The aqueduct over the River Wey is part of an extensive system of channels which would have extended along the river, through this parish and beyond, to regulate the watermeadows. Water was diverted from the river by a weir into a header ditch, which had a number of sluices along its length allowing water to be spread evenly over the meadow in a controlled fashion before draining back into the river. This system added nutrients to the land, allowing early crops of fodder to be produced, and a second cut to be made later in the year.
As you arrive at Pickett's Hill road, note the footpath straight ahead which marks the old route to Farnham prior to the building of the turnpike.

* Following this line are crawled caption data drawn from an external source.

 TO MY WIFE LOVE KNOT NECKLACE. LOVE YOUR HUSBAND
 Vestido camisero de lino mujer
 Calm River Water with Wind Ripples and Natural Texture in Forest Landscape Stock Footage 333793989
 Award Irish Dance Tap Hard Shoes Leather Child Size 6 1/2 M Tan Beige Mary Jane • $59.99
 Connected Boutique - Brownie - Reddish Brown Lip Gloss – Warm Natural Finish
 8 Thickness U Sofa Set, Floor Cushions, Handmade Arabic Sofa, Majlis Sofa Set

Near the point where you cross the A325 at Sleaford there once stood a tollhouse, opposite the New Inn. It was eventually removed when the road was widened. The New Inn itself consists of a 'new' section facing the turnpike, and an older section behind facing the road which existed prior to the turnpike's construction. [The New Inn site was redeveloped in 2002, retaining the existing buildings]
In crossing the River Slea you pass from Headley into Kingsley parish. There is a stone set into the west side of the old bridge indicating this.

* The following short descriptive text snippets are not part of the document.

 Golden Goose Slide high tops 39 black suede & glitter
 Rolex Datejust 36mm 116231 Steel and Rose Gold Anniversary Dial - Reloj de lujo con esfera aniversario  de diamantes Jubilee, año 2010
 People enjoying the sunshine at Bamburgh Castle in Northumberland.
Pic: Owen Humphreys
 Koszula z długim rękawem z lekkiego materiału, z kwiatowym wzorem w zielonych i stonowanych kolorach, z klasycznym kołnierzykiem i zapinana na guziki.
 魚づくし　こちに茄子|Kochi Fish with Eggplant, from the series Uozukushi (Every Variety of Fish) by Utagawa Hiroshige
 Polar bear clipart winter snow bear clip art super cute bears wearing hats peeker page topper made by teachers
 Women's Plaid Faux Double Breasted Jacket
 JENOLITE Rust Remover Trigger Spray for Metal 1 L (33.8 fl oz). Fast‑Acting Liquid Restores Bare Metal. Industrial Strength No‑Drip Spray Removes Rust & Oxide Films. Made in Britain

At Kingsley Pond, note the area on higher ground to your right behind the church which was called 'Kingsley Green' on old maps. It was at Kingsley Green, we are told, that Holdaway in 1830 "called out ten persons as the representatives of the ten parishes of which the labourers had formed your dangerous and illegal assembly" and shared out the spoils of the day. The church would not have been here at the time, having been built only in 1876.

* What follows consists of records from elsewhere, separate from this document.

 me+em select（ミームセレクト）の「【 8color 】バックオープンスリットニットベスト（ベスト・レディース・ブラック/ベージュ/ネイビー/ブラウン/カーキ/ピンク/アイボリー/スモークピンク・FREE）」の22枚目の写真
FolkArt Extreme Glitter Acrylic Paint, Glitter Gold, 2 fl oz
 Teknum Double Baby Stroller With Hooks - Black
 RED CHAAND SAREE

In reality, the various men from 'ten parishes' must have made their separate ways home from here in several different directions - but we follow a probable route of those heading back to the centre of Selborne.
Kingsley Mill is of some antiquity, and legend says that it may even have been the mill that Geoffrey Chaucer had in mind when writing his Miller's Tale. His son Thomas was Lord Warden of Woolmer and Alice Holt Forests at the end of the 14th century, and is said to be buried nearby at East Worldham, where he lived.
The disused railway viaduct belongs to the spur from Bentley to Bordon, opened in 1905 and closed in the late 1960s.
Oakhanger is a hamlet in the parish of Selborne, and so to some of the 'Selborne' rioters it would be home. In particular, the Heighes brothers lived here. For others, there were still a few miles to travel cross country.
Priory Farm is on the site of Selborne Priory, closed in 1484 due to bad debts and the stones reused for various local and not-so-local building projects.
The Long Lythe and Short Lythe (pronounced 'Lith') are footpaths which were mentioned in the writings of Gilbert White.
Within the church of St Mary, Selborne, is displayed the collar of vicar Cobbold's large mastiff, which he bought to protect himself after the riot.
The Great Yew of Selborne sadly blew down in 1990, and never recovered. According to Mrs Cowburn, men climbed into its branches on the evening of Sunday 21st November 1830 to overlook the vicarage and make sure Cobbold would not get away in the night.
The Queen's Hotel was, in 1830, stated as being the only public house in Selborne. At that time it was called the Compasses, or some say the Goat and Compasses which may be a corruption of 'God encompasseth us'. Robert Holdaway was the landlord here until about a year before the riot. It was renamed the Queen's Inn in 1839.
Selbourne village is on the B3006. This can be reached from the A31 at Alton or the A3 at Liss. Both Alton and Liss have a train station.